By Kirsty McManus, Professional Development Services Director at IoD
For all the progress made in recent years, women remain significantly underrepresented in boardrooms and executive leadership. The numbers are shifting slowly but that is only because of deliberate intervention. That’s why, this International Women’s Day, it’s worth spotlighting the power of women’s networks and women‑only development spaces. They’re not a “nice to have,” but as a strategic lever for achieving genuine board parity.
The Institute of Directors’ decision to launch its first women‑only cohort of the Accelerated Certificate in Company Direction is a timely example of this shift from rhetoric to action. This programme was created in direct response to feedback from our members and delegates, recognising that women benefit from environments where they can learn, challenge perspectives, share experiences and build powerful peer networks.

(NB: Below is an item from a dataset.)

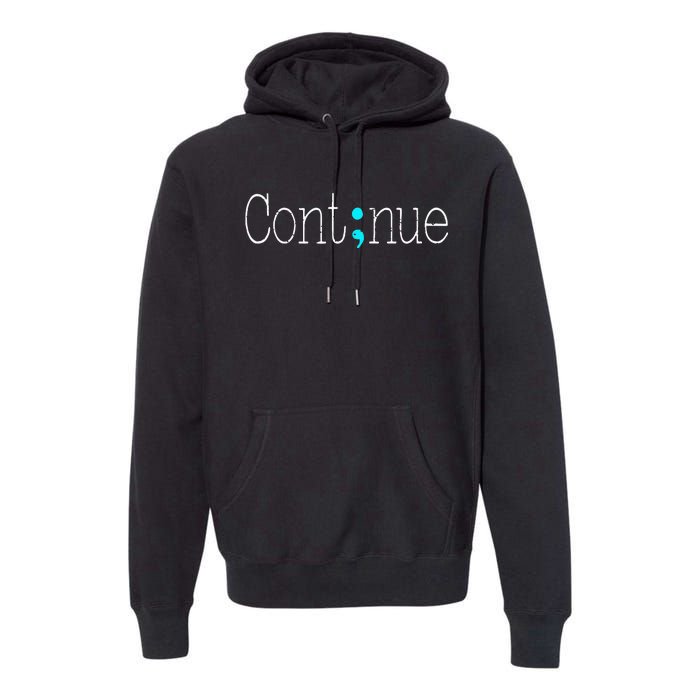 Continue Mental Health Awareness Semicolon Premium Hoodie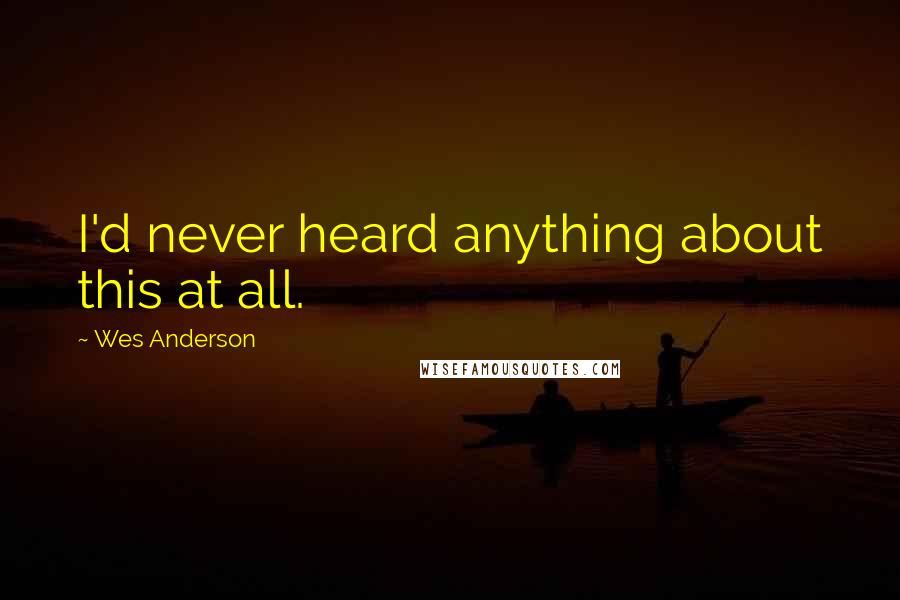Wes Anderson Quotes: I'd never heard anything about this at all.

These spaces matter. They create room for candour, for shared understanding, and for leadership development that acknowledges the realities women face at senior levels – realities that mixed‑gender environments can, unintentionally, gloss over. When women come together in a dedicated cohort, the conversation changes, the barriers that usually require explanation suddenly don’t and the energy shifts from navigating context to accelerating capability.
Women’s networks have long been a quiet engine of leadership progression. They provide peersupport that counters the isolation many women experience at the top. For those with aspirations of a board position, role modelling makes senior leadership feel attainable rather than exceptional. That visibility and sponsorship has consistently shown to be critical to advancement.
But networks alone aren’t enough. They need to be paired with high‑quality, rigorous development opportunities, programmes that equip women with the governance, finance, strategy and leadership skills required for board effectiveness. We know that the Accelerated Certificate in Company Direction does exactly that, offering an intensive, globally recognised pathway toward Chartered Director status. The women‑only cohort simply ensures that the learning environment is as inclusive and empowering as the content itself.
We’ve seen a shift from talking about “equality” to “equity” this is about recognising that identical treatment does not produce identical outcomes when the starting points are different. Dedicated spaces give women the psychological safety and peer community to stretch, question, and lead with confidence. And when women thrive in these environments, organisations benefit from stronger, more diverse, more resilient boards.
People no longer look at what businesses and organisations say in response to this imbalance, but instead at what they do. Creating intentional spaces for women’s leadership development is one of the most meaningful things organisations can do.
On International Women’s Day, the call to action is clear: Invest in women. Invest in their networks. Invest in the environments where they can grow without constraint.
Because when women rise, boards strengthen and businesses, economies and societies follow.